Poco dopo la nota della Cei, il Governo ha assicurato che un impegno a trovare protocolli per celebrare in sicurezza sarebbe stato messo in agenda.
Intanto prosegue il prolungamento del digiuno eucaristico, superabile anche attraverso alcuni accorgimenti, mentre occorre prevenire gli abusi, come quello perpetuato nel cremonese, dove le forze dell’ordine hanno interrotto una Messa per comminare una sanzione amministrativa.
La libertà di culto è una delle più importanti libertà costituzionali, che deve certamente essere conciliata con altri diritti egualmente garantiti, ma secondo criteri di ragionevolezza e proporzionalità.
Occorreva discutere delle procedure e dei protocolli per assicurare la distanza di sicurezza tra i fedeli durante la preghiera individuale e le funzioni liturgiche e dell’igiene degli ambienti, invece che decidere in modo unilaterale la sospensione delle cerimonie.

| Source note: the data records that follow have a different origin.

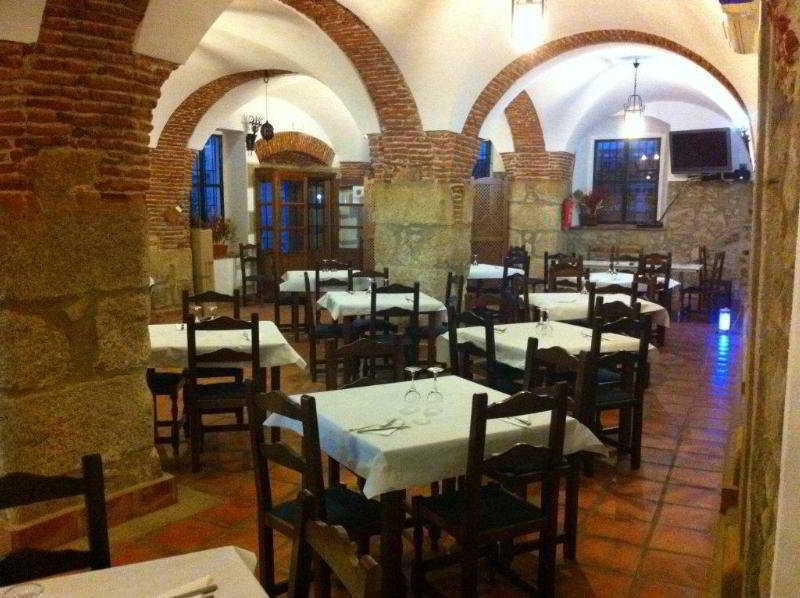 Hostal Trujillo Buitenkant foto
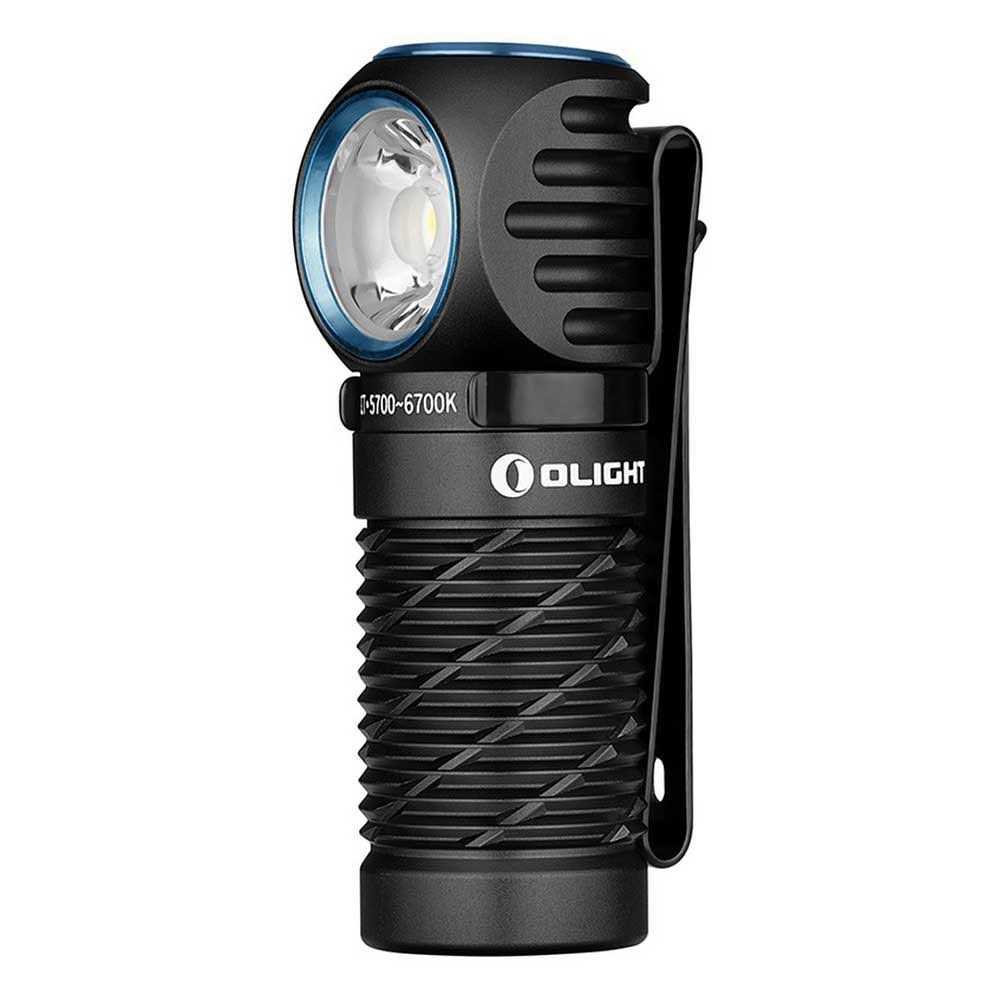 Olight Perun 2 Mini Headlamp - Image 5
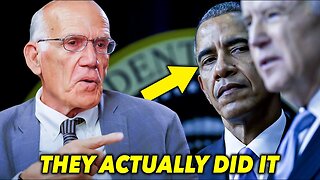 Victor Davis Hanson: The Real Collusion Inside U.S. Intelligence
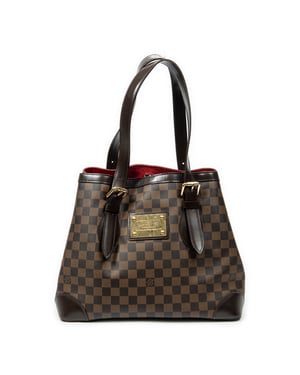 Hampstead MM Schoudertas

Non si comprende la ragionevolezza della restrizione: se è consentito a certe condizioni l’accesso nelle chiese e la preghiera individuale, perché non permettere alle stesse condizioni la celebrazione delle funzioni religiose?
Può lo Stato imporre che la preghiera nelle chiese debba essere solo individuale?
Il rischio è che venga disciplinato l’esercizio del culto pubblico (che il Concordato affida alla competenza della Chiesa cattolica) in modo irragionevolmente diverso da quanto previsto per gli altri ambiti della vita sociale.
Meglio sarebbe stato percorrere tutte le strade che il dialogo con la Chiesa avrebbe consentito di individuare.
Sono diverse, infatti, le soluzioni praticabili, con i parroci che, in molti casi, avevano già previsto di contingentare la presenza dei fedeli nelle parrocchie, di celebrare un numero maggiore di Messe e di adottare le misure per assicurare le distanze di sicurezza.
In Sardegna poi, eccezion fatta per alcuni focolai, la maggior parte dei centri è risultata zona con un tasso molto basso di contagi.
La scelta del Governo «è un errore grave – lo ha definito in un editoriale il direttore di “Avvenire” Marco Tarquinio.
«Non si può pensare di affrontare una generale “ripartenza” che si annuncia delicatissima – scrive il direttore – rinunciando inspiegabilmente a valorizzare la generosa responsabilità con cui i cattolici italiani – come i fedeli di altre confessioni cristiane e di altre religioni – hanno accettato rinunce e sacrifici e, dunque, senza dare risposta a legittime, sentite e del tutto ragionevoli attese della nostra gente».
Nel frattempo sono in corso interlocuzioni per trovare una soluzione capace di contemplare la necessità di sicurezza sanitaria e il diritto al culto: una sintesi delle due posizioni è possibile ma occorre trovarla con ragionevolezza e proporzionalità.